RNS Number:3273I
Silverjet PLC
22 November 2007


22 November 2007

                                 Silverjet plc


                Proposed #12m placing and #10m convertible loan


Silverjet plc ('Silverjet'), the exclusively business class, low fare, long haul
airline, today announces a proposed placing of #12m (gross) and a proposed
convertible loan of #10m (together the 'Fund Raising'). It is also announcing
separately today its interim results for the six months to 30 September 2007.

*  Successful business model underpinned by strong operational performance:

      *  80% load factor achieved prior to second daily London Luton to New York
         Newark service;

      *  38% increase in revenue seats(1) flown in October (6,782) over
         September (4,916);

      *  85% of services departed on time(2) in October with an average delay of
         only 7 minutes;

      *  Significant increase in yields in recent months;

      *  Second service from London Luton to New York Newark launched
         successfully on 23 September;

      *  London Luton to Dubai route successfully launched on 18 November;

      *  Silverjet is the winner of The Sunday Times Award for Best Airline 2007
         and two Conde Nast Traveller Awards in 2007, one for Favourite Business
         Only Airline and one for Design and Innovation; and

      *  Zero bags lost to date.

* The Fund Raising gives Silverjet a platform for growth to:

      *  Invest in its revolutionary customer experience at Luton and Newark,
         through further expansion and the development of exclusive arrival
         facilities at Luton and enhancement of its unique 30 minute check in
         and private jet style experience;

      *  Place collateral deposits under sale and leaseback arrangements to
         conclude the purchase of 2 extended range Boeing 767 aircraft,
         currently under exclusive letter of intent from Thomsonfly for delivery
         in March 2008; and

      *  Further strengthen its balance sheet for the development of new routes.

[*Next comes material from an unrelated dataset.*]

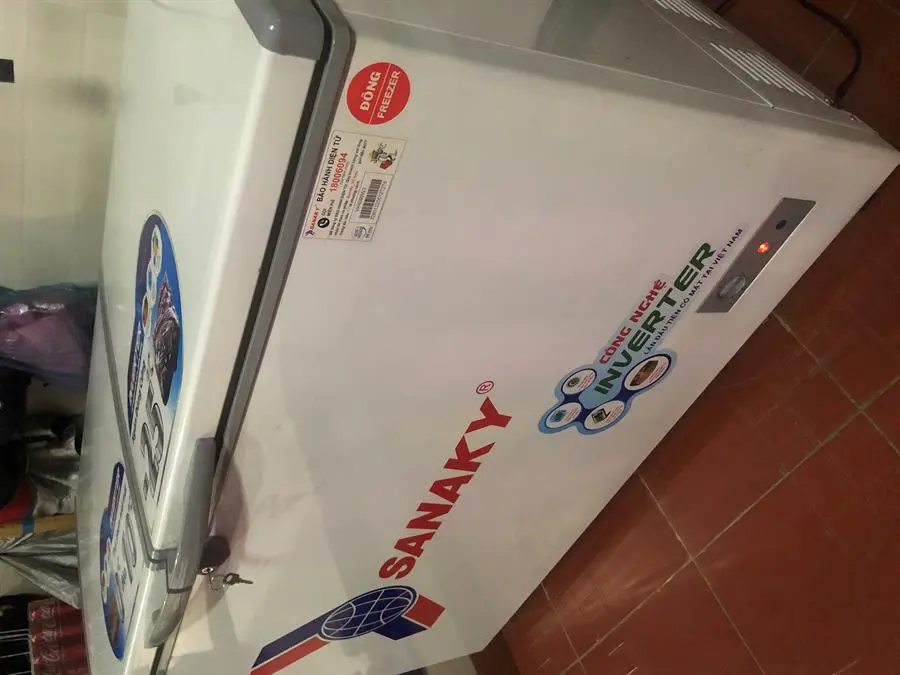 Khách hàng review Tủ đông Sanaky Inverter 280 lít VH-4099W3 8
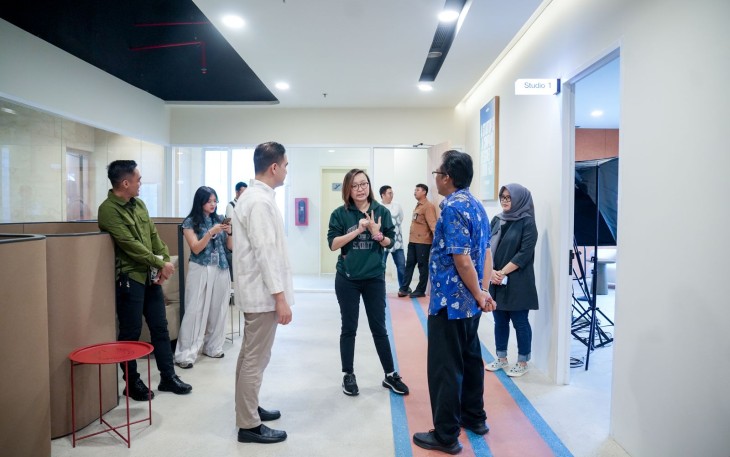Wakil Menteri Ekonomi Kreatif, Irene Umar, visitasi ke Gedung Smesco, Jakarta, Jumat (12/12/2025)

*  Under the Placing, subject to Shareholder approval, Silverjet has placed
   20,000,000 new Ordinary Shares at 60 pence per share to raise gross proceeds
   of #12.0m:

      *  Directors are subscribing for Placing Shares worth #500,000.

*  In addition, Silverjet proposes to secure a convertible loan, subject to
   Shareholder approval, of #10m from TFB (Mortgages) Limited ('TFB'), a Reuben
   brothers company:

      *  The loan is convertible by 11 February 2008 into 18,333,333 new
         Ordinary Shares. TFB will be obliged to pay Silverjet a further #1.0m
         within six months of conversion;

      *  If not converted by 11 February 2008, the loan will be repayable by 17
         December 2009 and will carry an interest rate of LIBOR plus 200bp; and

      *  Upon conversion TFB will appoint two non-executive Directors to the
         board of Silverjet, in a non-executive capacity.

*  Interim results

      *  #11.8m revenue from scheduled flights in the period;

      *  Closure of Flyjet charter subsidiary and successful transfer of flight
         crews to scheduled operations; and

      *  #14.5m cash (including restricted cash) at 30 September 2007.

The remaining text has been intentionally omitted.